English oasis of calm remains

I have survived the opening game of the season

Kenny Shovel
25-Feb-2013
I have survived the opening game of the season. More importantly, county cricket has survived its earliest ever start. Fears that I might get sunstroke digging my car out of a snowdrift proved groundless and the rain relented to allow a positive result in all but one of the seven Championship games.
The cricket was good. The company was great. Unless a bitter turf war between rival gangs suddenly breaks out over control of the Ladies Pavilion at New Road, it looks like a very English oasis of calm remains ensconced in the world.
Not that calm always describes the journey to and from a game. Those of us who live a distance from our local county ground are faced with the unpalatable choice of either using public transport or driving there.
Put your trust in the rail network and an opportunity to have a beer or three has to be balanced with the possibility that your return home will be delayed until midway through the reign of King Charles III. Car pool and someone will claim to know “a spot nearby, where you can park for free,” a space that will have inevitably become "resident permits only" during the winter, leading to endless circling of the area as you search for a street that looks slightly more secure than downtown Kabul, while quietly cursing whichever of your party is dragging their heels over splitting the cost of an NCP all-day ticket.
It's those intricacies of finding a car-parking space that are the reason I’m glad George Lucas isn’t a fan of county cricket. It is hard to image how the latest Blu-Ray 3D CGI-enhanced release of Star Wars would be improved by a 20-minute scene in which Han Solo tries to find a Mos Eisley side road to safely leave the Millennium Falcon without someone putting a brick through the window and having it away with the hyperdrive and Chewbacca’s copy of the Playfair Cricket Annual. Although in fairness, I’m warming to the idea of a re-named Darth Giles.
Meanwhile in a galaxy far, far away from Tatooine, Yorkshire supporters, who in no way resemble Wookies in terms of temperament, have been watching as their team, widely tipped in the media to be the Death Star to division two’s peace-loving Alderaan, came unstuck against a carefully recruited, highly experienced Kent side which could prove to be the surprise package in this season’s race for promotion. From a Yorkshire perspective, I’m using the phrase "surprise package" in a sense familiar to anyone who’s watched the final scene of the film Seven.
What Kent have done is to sign a number of players you might term as the ideal county pro: experienced, talented, but so far off the national selectors’ radar Geoff Miller would need the Hubble telescope to locate them.
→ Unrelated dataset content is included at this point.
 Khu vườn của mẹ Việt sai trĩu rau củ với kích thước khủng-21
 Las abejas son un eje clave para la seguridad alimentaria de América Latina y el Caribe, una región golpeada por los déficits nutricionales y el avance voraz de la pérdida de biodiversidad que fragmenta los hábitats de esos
In fact, the only problem Kent might have is that to qualify for ECB age-related incentive payments they’ll have to recruit the man responsible for registering Pakistan U-19 players.
Of course, there were plenty of other counties using their cheque books during the off season but we still seem some way short of the Premiership-style free-for-all muttered about in the more pessimistic corners of the stands. I doubt that I’ll ever see Sky Sports News’ Jim White whipping himself into a frenzy on county cricket transfer deadline day as reporters pursue a tight-lipped Gus Fraser when he emerges from his local branch of Greggs with a cheese & onion pasty and a "no comment" on the Ollie Rayner deal.
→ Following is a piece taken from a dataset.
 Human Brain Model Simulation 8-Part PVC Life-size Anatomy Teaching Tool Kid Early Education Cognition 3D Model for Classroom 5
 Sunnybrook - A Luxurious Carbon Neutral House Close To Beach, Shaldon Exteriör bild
But while cricketers moving clubs may not happen with the same glamour or frequency as footballers, the effect on their career can be just as dramatic, with this first round of Championship games providing examples of instant success. David Wainwright, one of the most underrated players on the circuit, by his previous club at least, bowled Derbyshire to victory on a dramatic final day against Northants. While Robbie Joseph, who struggled to get himself onto the pitch for any extended period of time during his final couple of seasons with Kent, circumvented the problem by only needing 30 overs to bowl Glamorgan out twice for new club Leicestershire.
That flying start to the season by Leicestershire was rapidly undercut by the ECB docking them five points for a slow over rate in a match that finished inside three days. This is a perfect example of the ECB shutting the stable door after the horse has bolted. Where was this idea 30 years ago when we had far greater influence over world cricket? We could have brought in a similar system for Test matches and ensured that the West Indies side of the 1980s ranked no higher than fourth, just three places above England.
It is missed opportunities like that which make me despair about English cricket administration. I shall watch the next round of Championship games unimpressed by their speed of thought.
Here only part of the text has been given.